Like when I shopped my last screenplay, which is probably the best thing I’ve ever done. It’s a cross between Jaws, Pulp Fiction and Free Willie, and it’s based upon songs written by Bret Michaels. Man, I was so proud of it, especially about the part where the whale is jumping over the rocks to swim out to the open sea while the two crooks are talking about Big Macs in France and the great white shark suddenly sneaks up from behind and gobbles the kid. Great stuff. But did they buy it? Hell, no.

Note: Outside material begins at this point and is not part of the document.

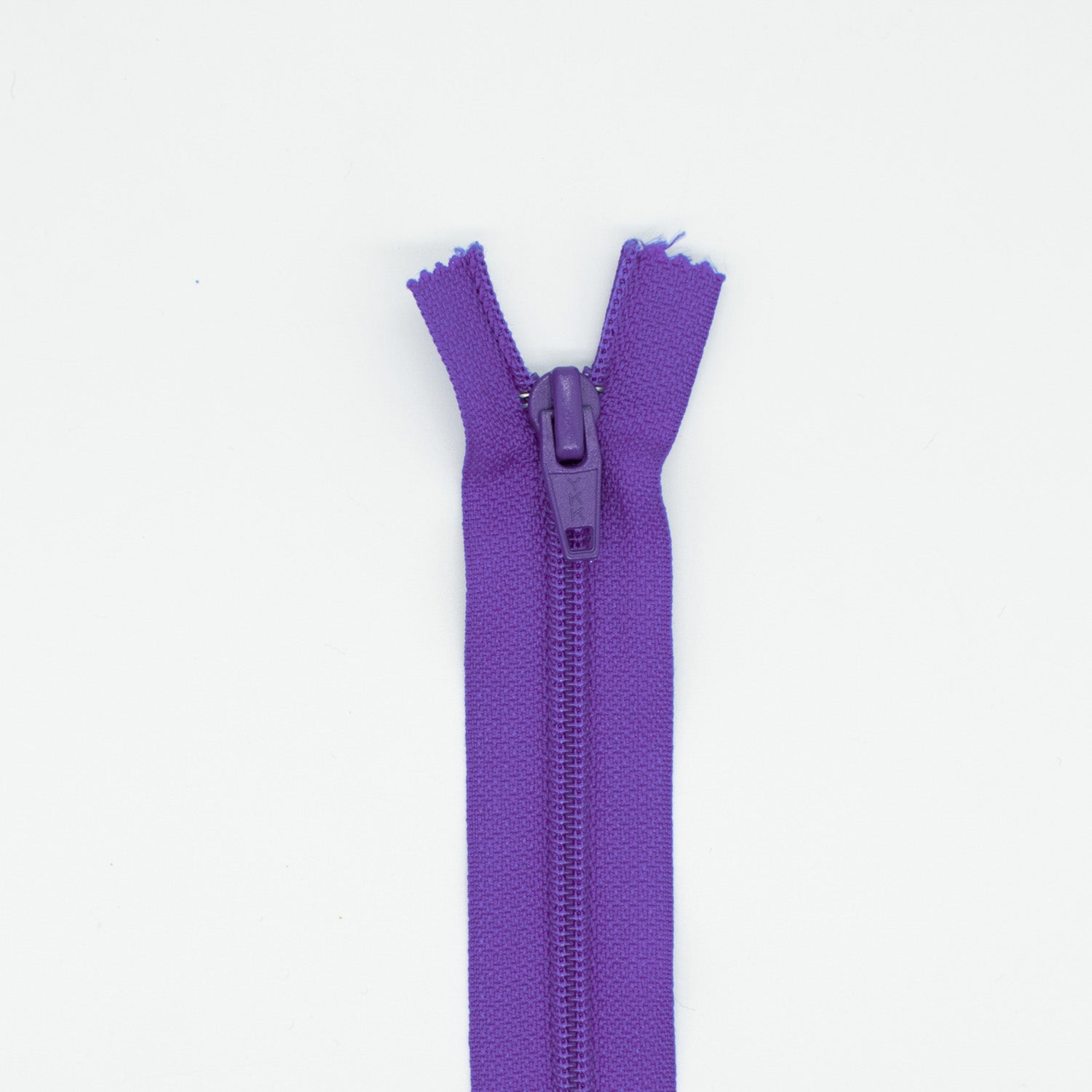 YKK Close End Plastic Zip 24CM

It was just like that last script I wrote. A real blockbuster that combined the action of Raiders of the Lost Ark with all the sentimentality and family warmth of Goodfellas. There was this great scene where Joe Pesci is facing down this swordsman in a Middle East marketplace. You see, he’s been chasing the bad guys who have kidnapped his girl friend (played by Avril Lavigne) when he comes across this guy with not one, but two swords. But he just looks at him and says, “Do you think I’m funny? Do you think I’m here to amuse you?” Fantastic stuff. I saw it as the perfect vehicle for Cher.

But they didn’t buy that one either. Just like they didn’t buy my script about the concert promoter, who, in a moment of despair wishes that he had never been born. You see, his guardian angel hears him, grants his wish, and shows him a world where the promoter wasn’t around to produce shows by George Strait, Kylie Minogue and Tears For Fears. Instead, he’s a boxer trying for a shot at the title, and he’s relying on some wacko in an insane asylum for advice on how to win. I called it Rocky Silence Of the Lambs’ Wonderful Life. Hollywood never called me back.

I just don’t know what it is with Hollywood. I keep cranking out these great scripts and all the directors and producers in the world keep telling me that my words don’t add up to a hill of beans. I mean, I include all the right elements – action, sex and car chases – plus, I always include a chance to insert a hot song by someone like Ryan Adams or Norah Jones. But Spielberg never returns my calls, and DeNiro won’t even do lunch with me. Sigh… I guess it’s true what they say about Hollywood…

That this town just doesn’t understand originality.